[Source data]
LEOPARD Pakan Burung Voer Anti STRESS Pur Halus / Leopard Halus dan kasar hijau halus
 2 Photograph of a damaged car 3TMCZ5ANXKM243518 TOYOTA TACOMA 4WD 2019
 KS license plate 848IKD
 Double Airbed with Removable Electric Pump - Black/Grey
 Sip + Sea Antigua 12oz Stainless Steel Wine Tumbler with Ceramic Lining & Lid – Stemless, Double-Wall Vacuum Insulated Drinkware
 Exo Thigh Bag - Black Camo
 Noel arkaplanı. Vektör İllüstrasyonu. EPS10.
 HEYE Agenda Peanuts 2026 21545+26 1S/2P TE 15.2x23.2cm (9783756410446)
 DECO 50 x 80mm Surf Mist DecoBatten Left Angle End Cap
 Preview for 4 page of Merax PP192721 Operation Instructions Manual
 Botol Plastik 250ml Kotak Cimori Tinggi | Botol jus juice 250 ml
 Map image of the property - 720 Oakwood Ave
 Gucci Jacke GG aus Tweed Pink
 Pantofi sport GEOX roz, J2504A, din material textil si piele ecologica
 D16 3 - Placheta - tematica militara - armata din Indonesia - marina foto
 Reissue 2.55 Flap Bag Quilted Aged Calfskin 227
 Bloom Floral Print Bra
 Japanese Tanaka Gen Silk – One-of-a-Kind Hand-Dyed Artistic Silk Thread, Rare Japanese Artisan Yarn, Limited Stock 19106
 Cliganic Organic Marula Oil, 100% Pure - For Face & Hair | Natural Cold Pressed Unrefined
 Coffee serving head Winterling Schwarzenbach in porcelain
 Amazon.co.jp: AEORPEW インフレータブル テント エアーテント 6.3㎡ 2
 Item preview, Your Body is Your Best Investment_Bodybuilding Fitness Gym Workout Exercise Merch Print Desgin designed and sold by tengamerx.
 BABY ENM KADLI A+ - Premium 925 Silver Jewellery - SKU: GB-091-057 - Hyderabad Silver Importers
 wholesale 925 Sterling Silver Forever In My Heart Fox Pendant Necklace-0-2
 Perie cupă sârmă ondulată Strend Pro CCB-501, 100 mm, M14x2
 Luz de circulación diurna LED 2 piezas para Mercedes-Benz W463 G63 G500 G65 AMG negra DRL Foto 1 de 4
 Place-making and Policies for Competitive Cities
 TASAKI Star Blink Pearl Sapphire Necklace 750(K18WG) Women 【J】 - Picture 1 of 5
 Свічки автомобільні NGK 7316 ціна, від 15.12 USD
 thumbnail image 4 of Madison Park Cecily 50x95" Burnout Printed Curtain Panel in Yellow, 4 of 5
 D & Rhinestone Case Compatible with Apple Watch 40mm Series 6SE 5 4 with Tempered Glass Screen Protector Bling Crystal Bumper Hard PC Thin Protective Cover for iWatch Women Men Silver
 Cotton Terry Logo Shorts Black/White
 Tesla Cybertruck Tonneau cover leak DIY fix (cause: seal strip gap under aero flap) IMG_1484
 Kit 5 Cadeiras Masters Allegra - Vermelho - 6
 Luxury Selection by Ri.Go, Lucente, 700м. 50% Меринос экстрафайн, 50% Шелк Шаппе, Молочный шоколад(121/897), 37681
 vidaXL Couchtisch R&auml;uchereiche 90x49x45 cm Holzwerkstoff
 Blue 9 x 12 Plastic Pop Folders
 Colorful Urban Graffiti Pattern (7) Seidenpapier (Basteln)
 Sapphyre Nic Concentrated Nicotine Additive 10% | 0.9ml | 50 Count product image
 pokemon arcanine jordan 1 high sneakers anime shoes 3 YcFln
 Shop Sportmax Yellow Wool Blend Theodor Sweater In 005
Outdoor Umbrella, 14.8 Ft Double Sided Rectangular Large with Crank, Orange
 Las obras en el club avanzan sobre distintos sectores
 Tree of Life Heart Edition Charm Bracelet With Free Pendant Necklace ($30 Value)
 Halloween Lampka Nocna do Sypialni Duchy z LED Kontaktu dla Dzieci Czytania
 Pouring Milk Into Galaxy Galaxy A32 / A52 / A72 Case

-- Your objective --
Could you retype exactly the lines above, starting at the line that contains "wholesale 925 Sterling" and ending at the line that contains "Place-making and Policies", and nothing more?

-- Your response --
 wholesale 925 Sterling Silver Forever In My Heart Fox Pendant Necklace-0-2
 Perie cupă sârmă ondulată Strend Pro CCB-501, 100 mm, M14x2
 Luz de circulación diurna LED 2 piezas para Mercedes-Benz W463 G63 G500 G65 AMG negra DRL Foto 1 de 4
 Place-making and Policies for Competitive Cities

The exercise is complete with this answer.